Beginning with the line that has "Abaya de bordado", write out each line down to the end of the records below exactly, and include no pictures.
(Beginning of Data excerpts)
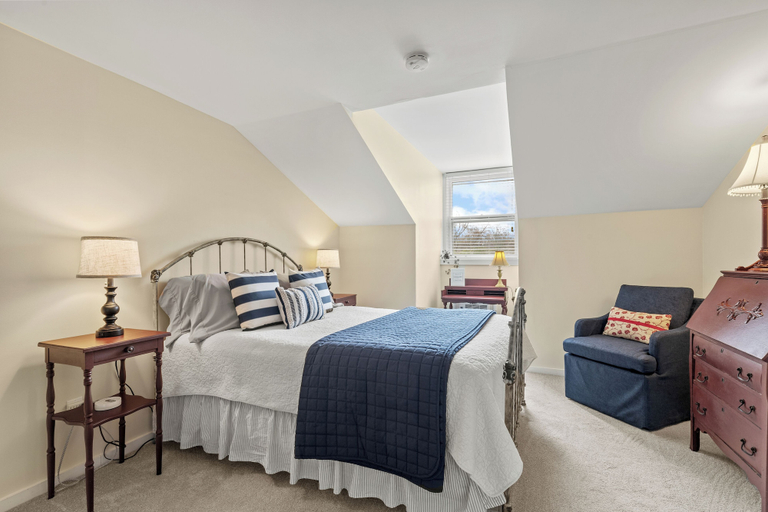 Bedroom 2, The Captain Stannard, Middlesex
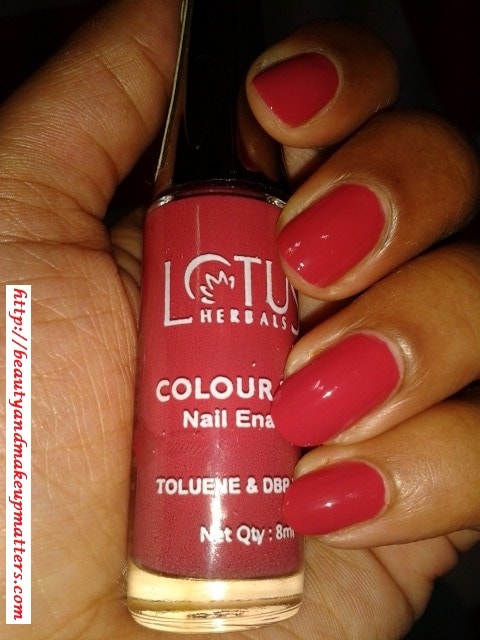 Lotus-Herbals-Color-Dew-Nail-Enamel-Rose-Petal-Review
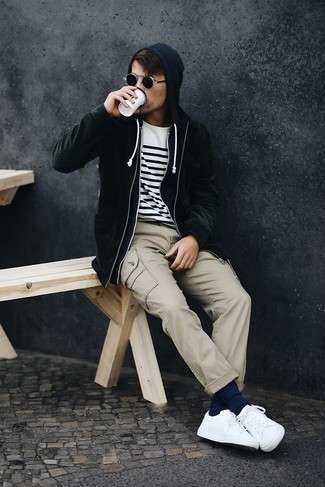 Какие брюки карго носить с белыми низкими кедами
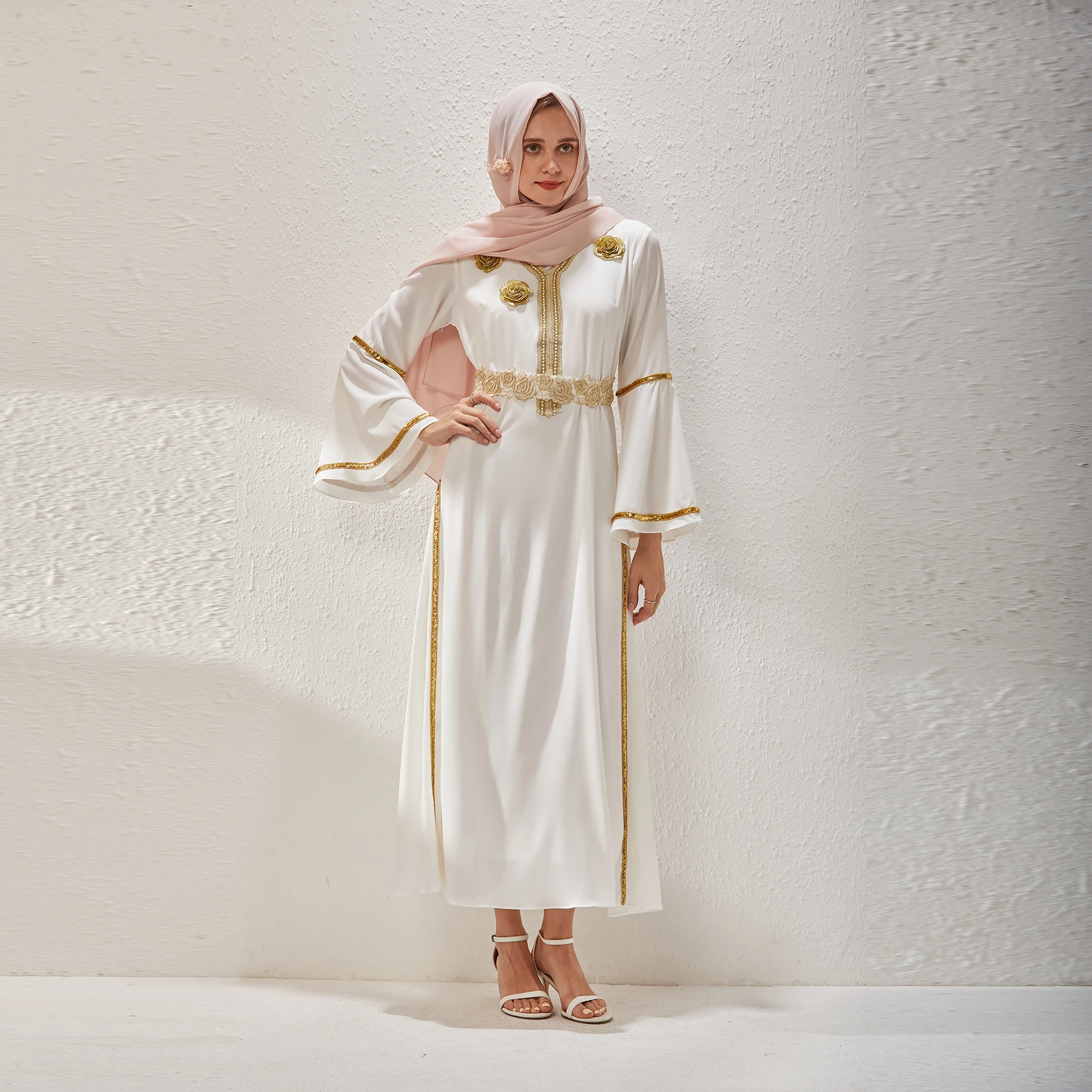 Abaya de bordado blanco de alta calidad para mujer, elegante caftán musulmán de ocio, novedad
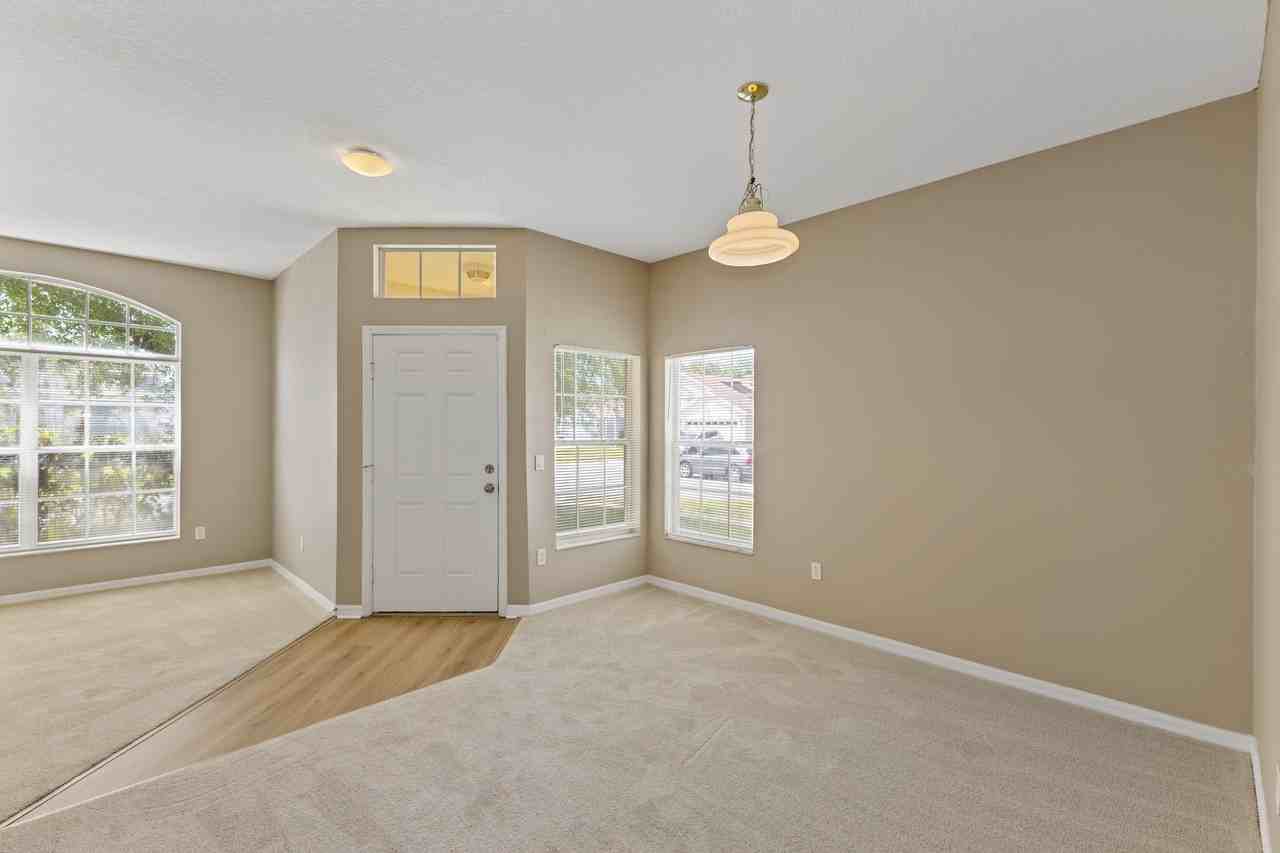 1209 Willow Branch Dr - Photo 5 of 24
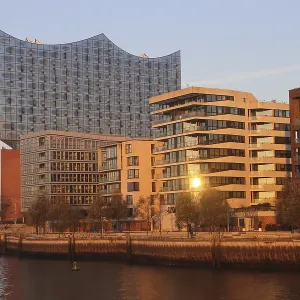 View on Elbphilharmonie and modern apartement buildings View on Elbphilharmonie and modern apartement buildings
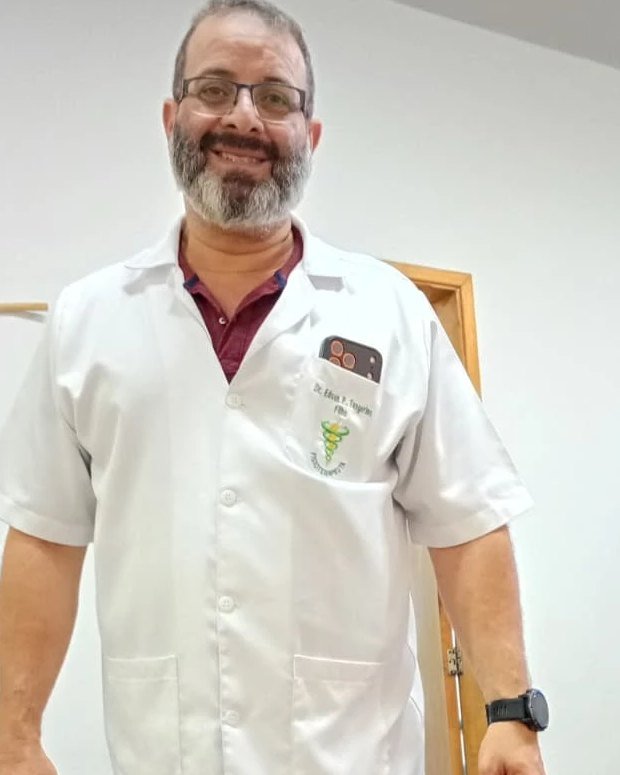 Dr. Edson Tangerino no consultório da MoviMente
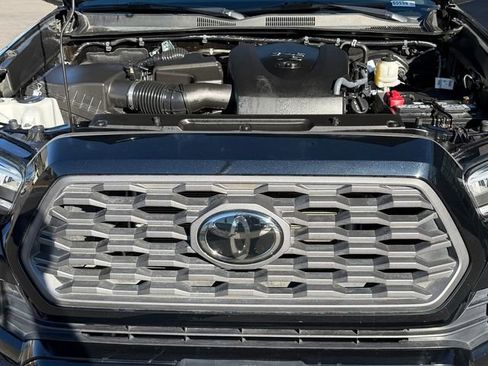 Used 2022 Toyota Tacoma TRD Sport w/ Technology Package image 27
(End of Data excerpts)
▶ [Result]
 Abaya de bordado blanco de alta calidad para mujer, elegante caftán musulmán de ocio, novedad
 1209 Willow Branch Dr - Photo 5 of 24
 View on Elbphilharmonie and modern apartement buildings View on Elbphilharmonie and modern apartement buildings
 Dr. Edson Tangerino no consultório da MoviMente
 Used 2022 Toyota Tacoma TRD Sport w/ Technology Package image 27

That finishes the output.